◆ What to work on ◆
Skip the pictures. Give all the data again exactly.

◆ Given material ◆
────────────────────

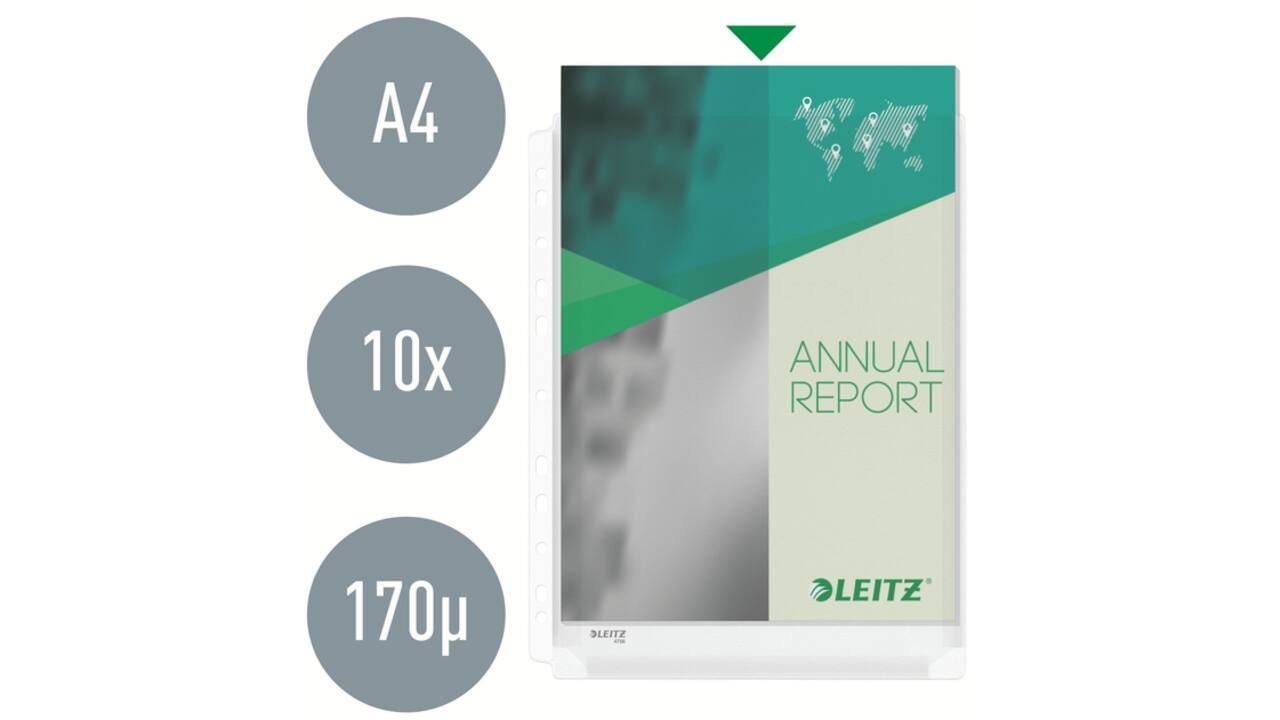 Showtas Leitz Premium copy safe 0.17mm PVC Expansievouw glashelder 10 stuks
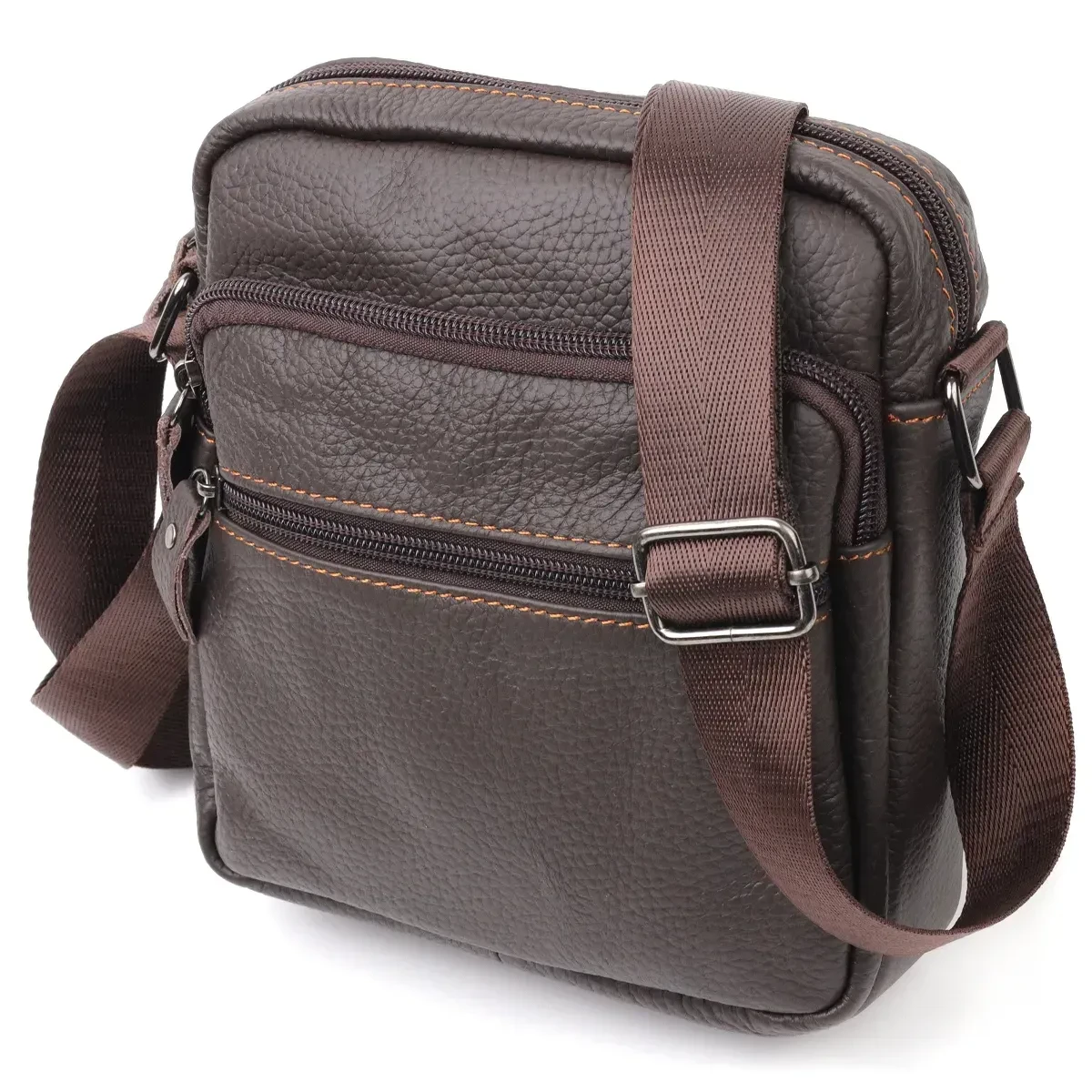 Чоловіча сумка Vintage 20687 шкіряна Коричневий (33804006)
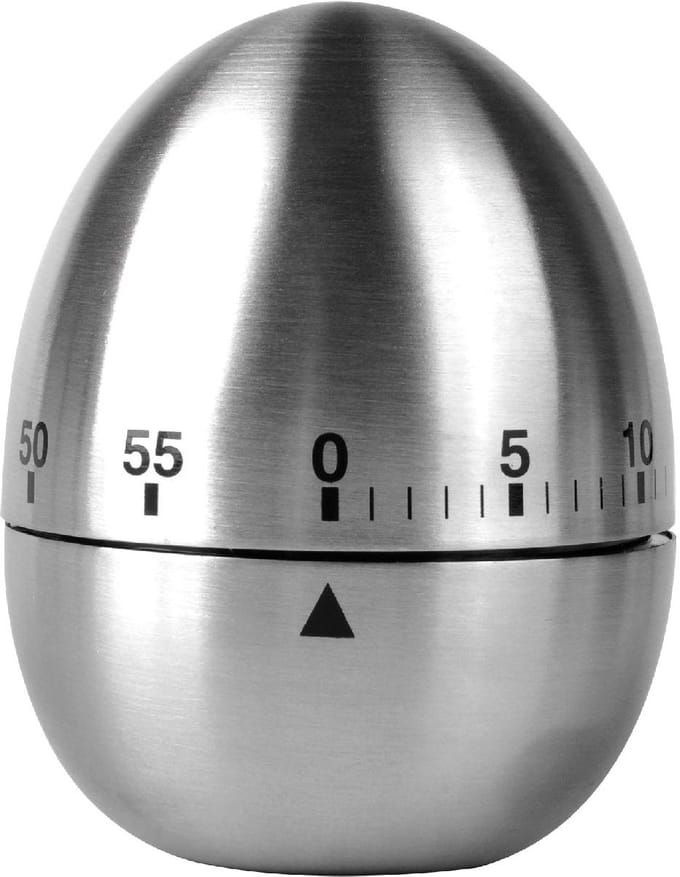 Mechanische kookwekker eierklok RVS Zilver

────────────────────

◆ Reply ◆
 Showtas Leitz Premium copy safe 0.17mm PVC Expansievouw glashelder 10 stuks
 Чоловіча сумка Vintage 20687 шкіряна Коричневий (33804006)
 Mechanische kookwekker eierklok RVS Zilver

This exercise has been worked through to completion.